The answer should hold every line of the listing, unchanged and free of images.

[Opening Data to use section]

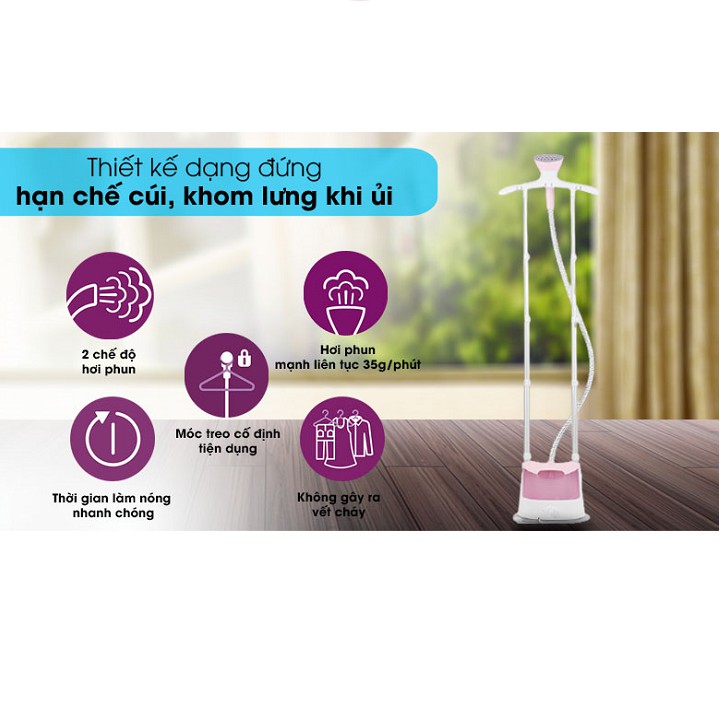 Bàn ủi hơi nước đứng Philips GC485, Hàng phân phối chính hãng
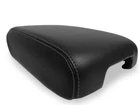 Console Lid Armrest Cover PU Leather Fit for Infiniti QX60 2014-2020 Black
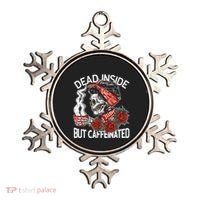 Dead Inside But Caffeinated Skeleton Coffee Ornament thumb 0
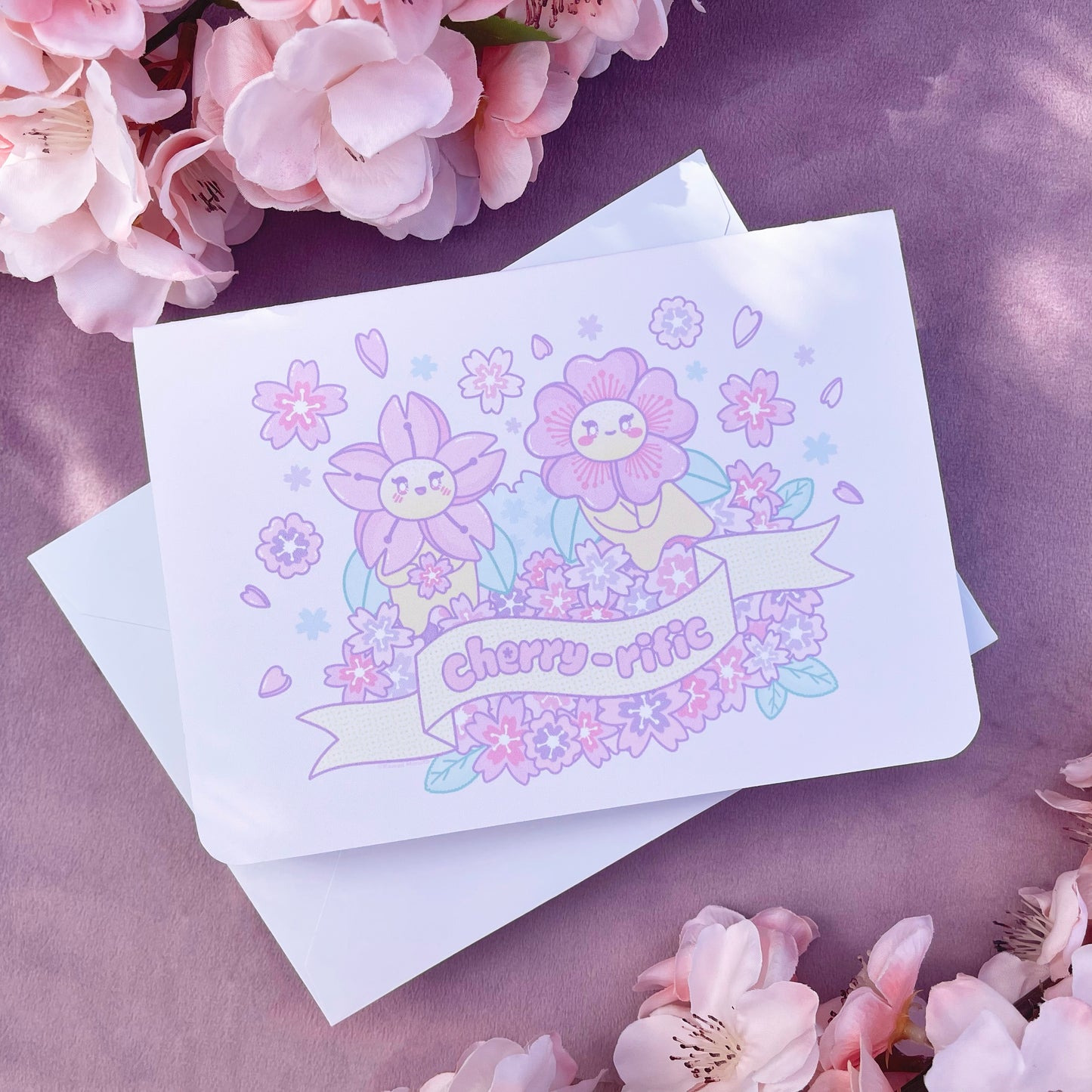 Cherry-rific Greeting Card - Kawaii Monsta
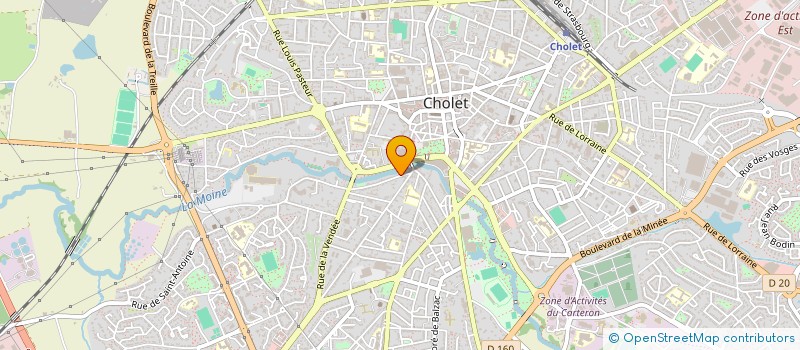 localisation de l'entreprise MADAME MARIA GEORGILAKI à CHOLET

[Closing Data to use section]

### Expected output
 Bàn ủi hơi nước đứng Philips GC485, Hàng phân phối chính hãng
 Console Lid Armrest Cover PU Leather Fit for Infiniti QX60 2014-2020 Black
 Dead Inside But Caffeinated Skeleton Coffee Ornament thumb 0
 Cherry-rific Greeting Card - Kawaii Monsta
 localisation de l'entreprise MADAME MARIA GEORGILAKI à CHOLET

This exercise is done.